» **WORK INSTRUCTIONS**
Leave out the pictures and output exactly the lines below from the one with "A lakeside village" down to the one with "a bathroom with", both of them included.

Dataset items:
===

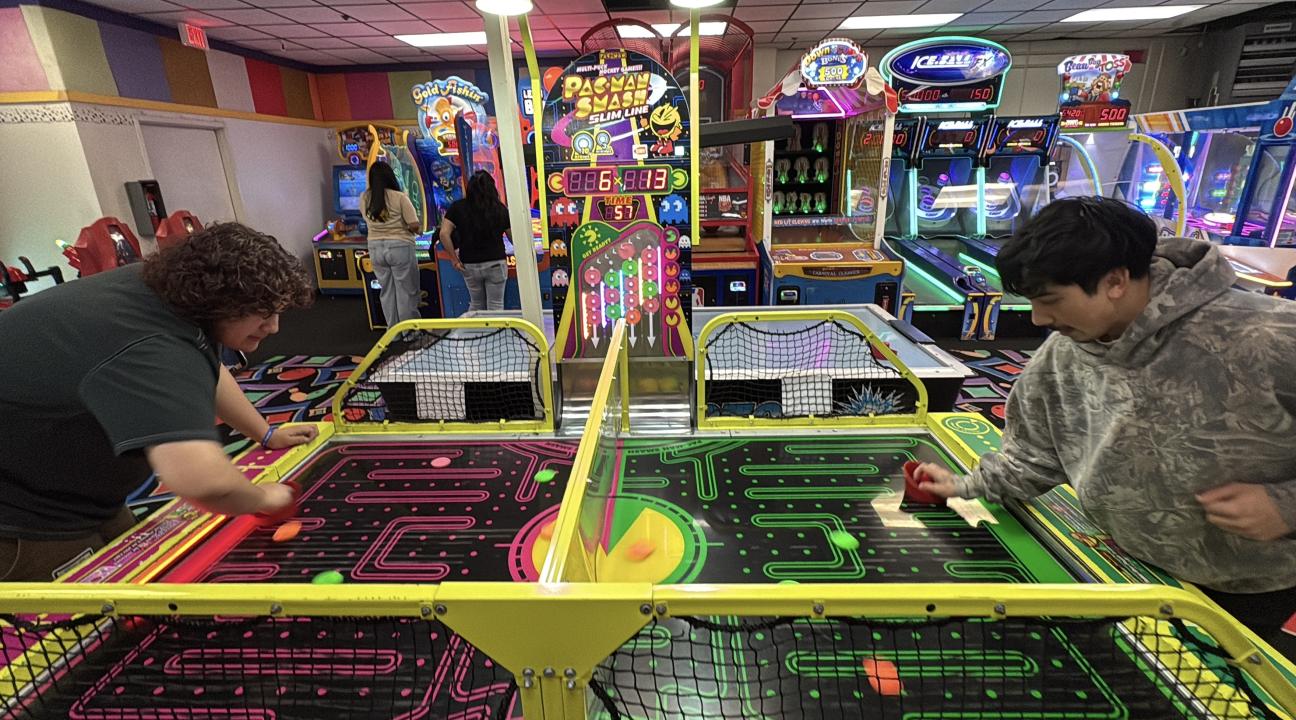 Two guys having fun playing air hockey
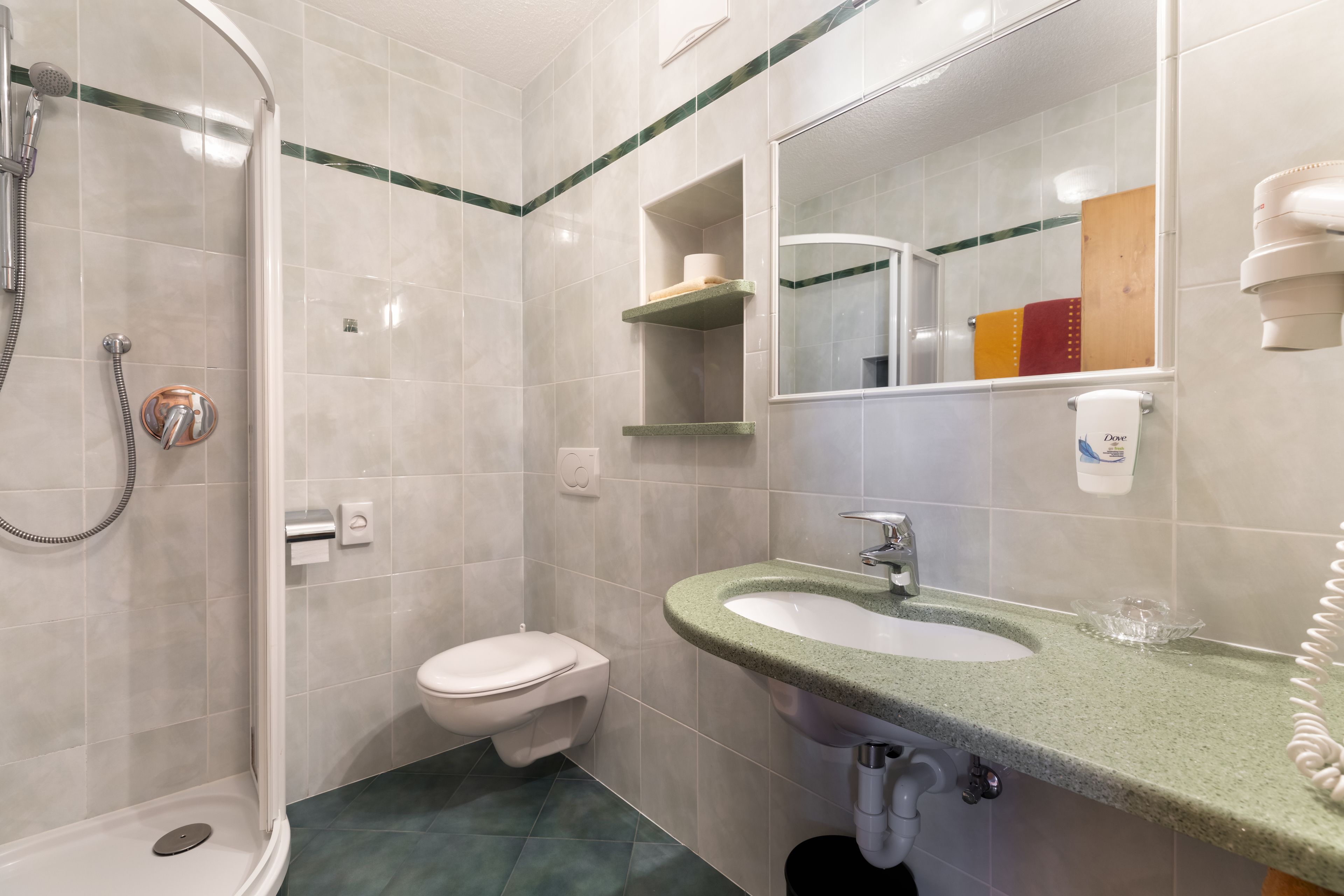 Un bagno con doccia, WC, lavandino e specchio.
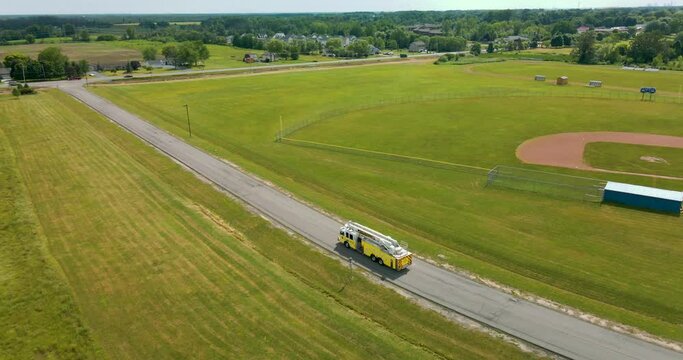 Yellow ladder firetruck backing up on street by fields – aerial view drone orbit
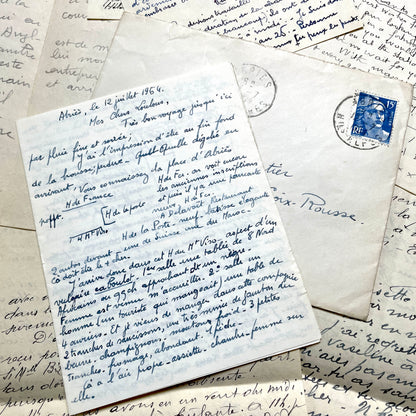 1940s French handwritten letters and envelopes with vintage stamps and postmarks, authentic paper ephemera.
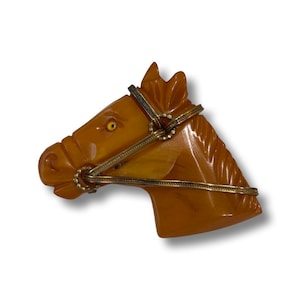 Art Deco Butterscotch Carved Bakelite Horse Brooch
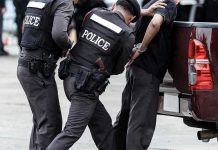 Rock Attack Turns Protest Into Felony Police officers arresting a handcuffed person.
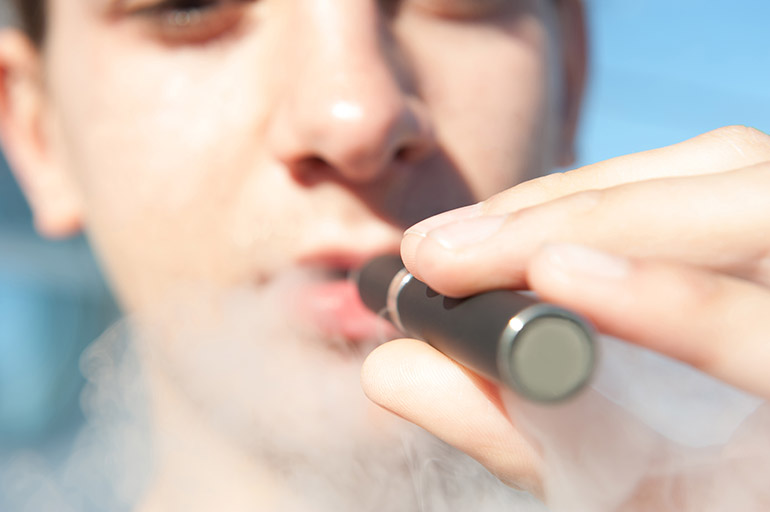 A young person vaping an e-cigarette.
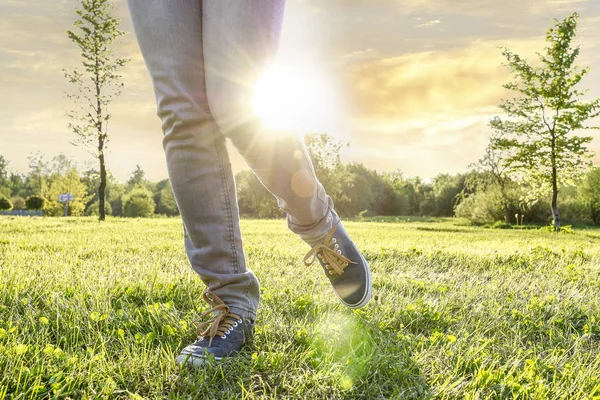 Joven usando zapatillas de deporte, caminando sobre la hierba durante beaut — Foto de Stock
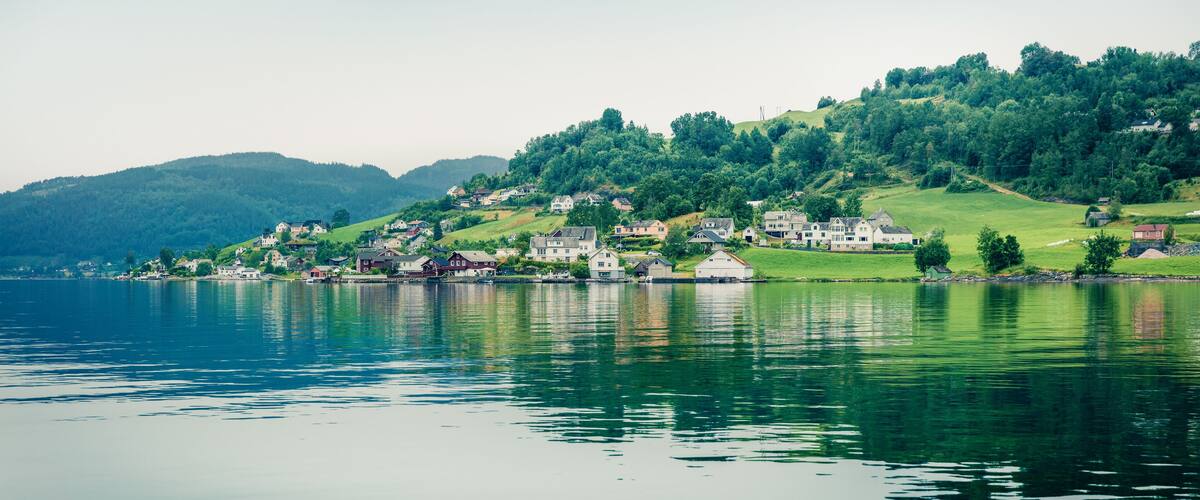 A lakeside village with houses on a hillside.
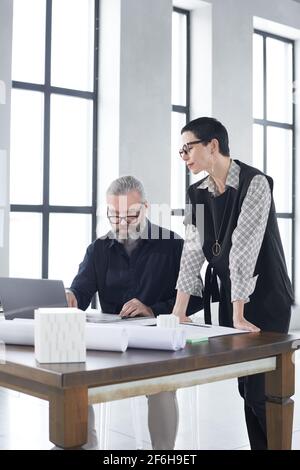 Due architetti discutono di progetto e progetto al tavolo di lavoro in squadra in ufficio Foto Stock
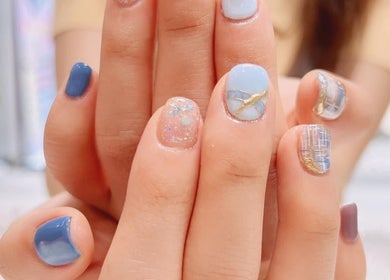 Stylish nail design at Joyi Beauty, 新加坡, SG, featuring blue and gold accents with glitter.
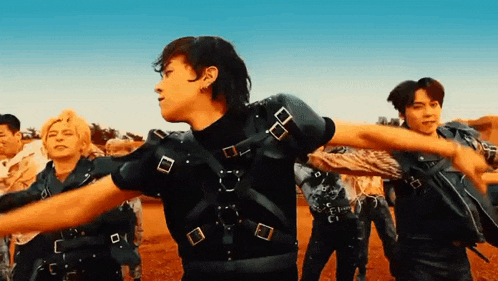 a group of young men are standing next to each other in a desert .
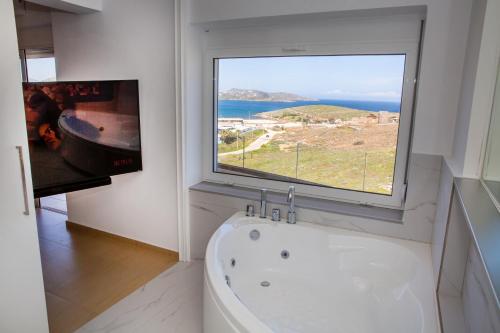 a bathroom with a tub and a large window at Komfort City Apartment "Elias" mit Meerblick in Lavrio in Lávrion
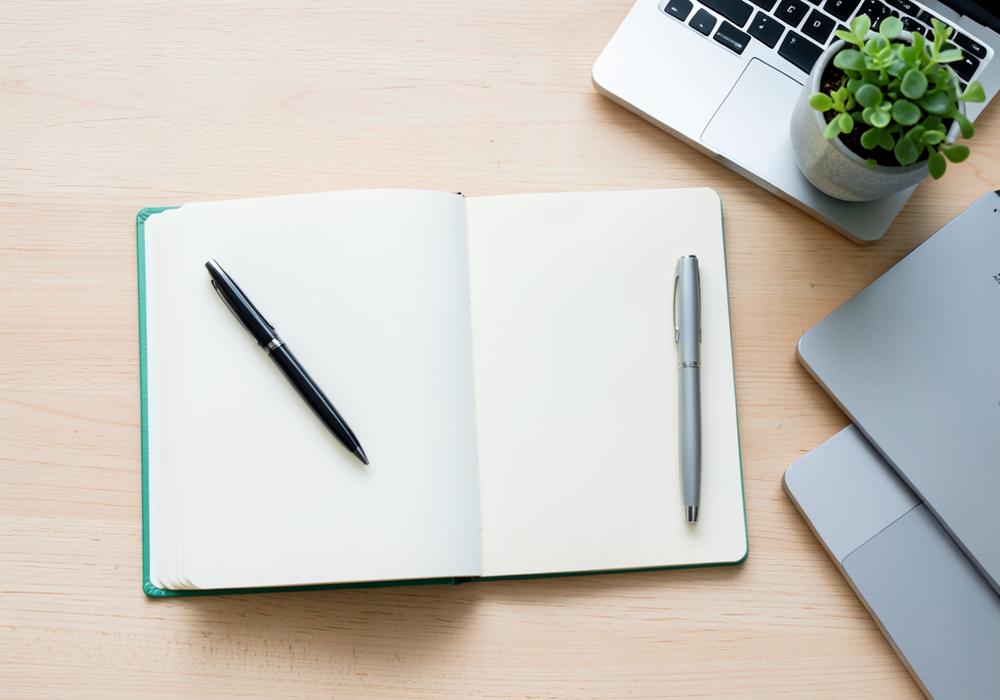 A notebook and laptop on a desk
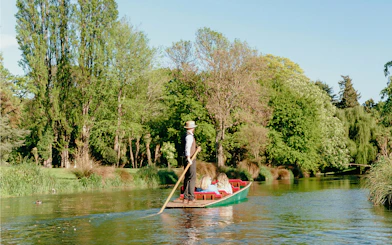 Punting on the Avon River in Christchurch with lush green trees in the background.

===

» **RESPONSE FOR THIS EXERCISE**
 A lakeside village with houses on a hillside.
 Due architetti discutono di progetto e progetto al tavolo di lavoro in squadra in ufficio Foto Stock
 Stylish nail design at Joyi Beauty, 新加坡, SG, featuring blue and gold accents with glitter.
 a group of young men are standing next to each other in a desert .
 a bathroom with a tub and a large window at Komfort City Apartment "Elias" mit Meerblick in Lavrio in Lávrion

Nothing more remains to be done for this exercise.